Look, it pains me as much as anyone, but the chances of Mazda building a true rotary-engined successor to the RX-7 are pretty slim. Launching a relatively thirsty combustion model just as everyone else is going electric might make a small band of enthusiasts cheer, but it’s not a great corporate look in the early 2020s.
Mazda isn’t ready to let sports cars go entirely though. Rumours circulate of an electrified follow-up to the MX-5, and now Mazda has revealed the new Vision Study, giving us hope that exciting cars won’t disappear entirely.
Realistically, even the Vision Study is unlikely to happen in the form we see it here, and the cynic might suggest it’s been drawn up as a way to sell Mazda’s dry “mid-term plan and management policy up to 2030”. Look at the shiny car!
The 2030 plan is obviously very sensible: Mazda wants to be resilient in a changing automotive market, reduce costs, bolster supply chains, and continue research and development in relevant areas.
Between 2025-2027 the brand will increasingly concentrate on electrification, something that will continue further beyond 2027 and into 2030, and is doing so primarily with a small band of suppliers, rather than the route much of the rest of the industry is taking, which involves jumping into bed with other large automakers and spreading costs. Mazda has long been fiercely independent, and it looks like that isn’t about to change significantly even as the industry evolves around it.
There’s also a note in the 2030 plan about developing “human-centric advanced driver assistance technology”. Normally we’d utter such a phrase through gritted teeth, but given Mazda is one of few brands to have prioritised function above flash in recent years, perhaps we can actually trust the “human-centric” aspect of their driver assistance tech.
Anyway, enough of all that: it’s Pretty Car Time again. There’s more than a hint of RX-7 in the Vision Study’s flowing lines, though it’s more cab-forward than the final FD-generation RX-7 (an example of which your author owns), and indeed the RX-Vision concept shown at the Tokyo Motor Show in 2015.
That car used a 2.6-litre, naturally-aspirated ‘Skyactiv-R’ four-rotor Wankel engine, but other than fleeting appearances in Gran Turismo games, Mazda soon went quiet on the car – it has served more as design direction for the subsequent Mazda range than any serious look at a future sports car.
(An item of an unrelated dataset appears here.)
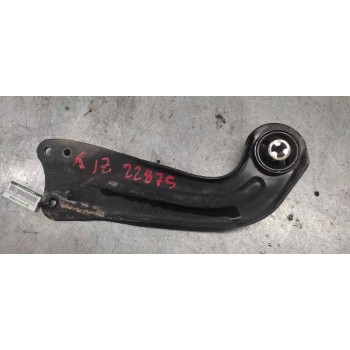 BRAZO SUSPENSION INFERIOR DELANTERO IZQUIERDO 1K0505225C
Expect the same with the Vision Study, which Mazda says “expresses Mazda’s commitment to continue building cars that evoke excitement.” You can interpret it mostly as a stylistic hint as to what the next MX-5 might look like, in details if not in form – not least as the Vision Study is a coupé and Mazda is resolute in its desire to keep the MX-5 an open-topped car.
There are no other details on the car, but it’s fair to assume such a car would now be electric (those are still kind of rotary-engined, right?). There are a couple of neat nods to the RX-7 though – on a quick count, we spot subtle double-bubble roofline, rear lights evoking the dual round lenses behind later RX-7s’ smoked lamps… and are those small pop-up front lights we see?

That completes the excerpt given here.